Mihaly Tapolyai   Posted: July 03, 2007 1:14 PM
Mr. GalliĆ­s article made my concept more complete, as for Christian psychiatrist. I follow the idea from the Danish pastor and philosopher Kierkegaard. He founded the Existentialism. He said "I am who I am as you see me and I am as I ought to be, or wish to be."(1848) We have to walk on our life line from the present reality toward the future self-image. I added to be Christlike, Mr. Galli presented the everyday conflicts in it. Thank you for this wonderful lighting Five stars Mihaly Tapolyai

Joyful in Christ's light   Posted: June 29, 2007 9:13 AM
Although badly written and without linguistic sensitivity to purity kindness of God that is ALWAYS inclusive and welcoming like a parent, this article does highlight how corrupt the West is with its individualism and how utterly sad and lonely and uncared for even the Christian is.

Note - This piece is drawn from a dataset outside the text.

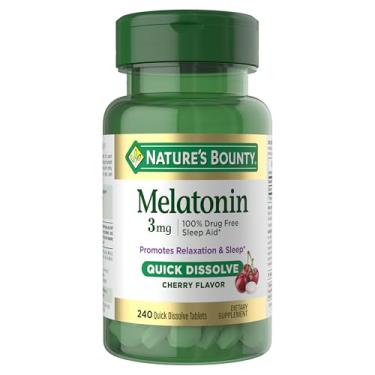 Imagem de Nature’s Bounty Melatonina 3mg, Suporte, relaxamento e sono, 240 cápsulas de rápida absorção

Make no wonder then that Churches and Christian web-forums are meat-markets and dating agencies and people hunger to devour each other. No one finds the comfort and companionship and intimacy with Jesus that He so freely offers. Instead we bury ourselves in atempted romantic attachments; making ourselves Cinderellas and Prince-Charmings rather than a holy people. Thus Christ's light does NOT shine on us and we are far from joyful and far from humble but ever-close to the dating-agency. Paul wrote in Ephesians that we must arise from our slumber and Christ will shine on us; He wants to shower us with his love and embrace us in depth and holy intimacy. But our corruption from individualism has made us sick.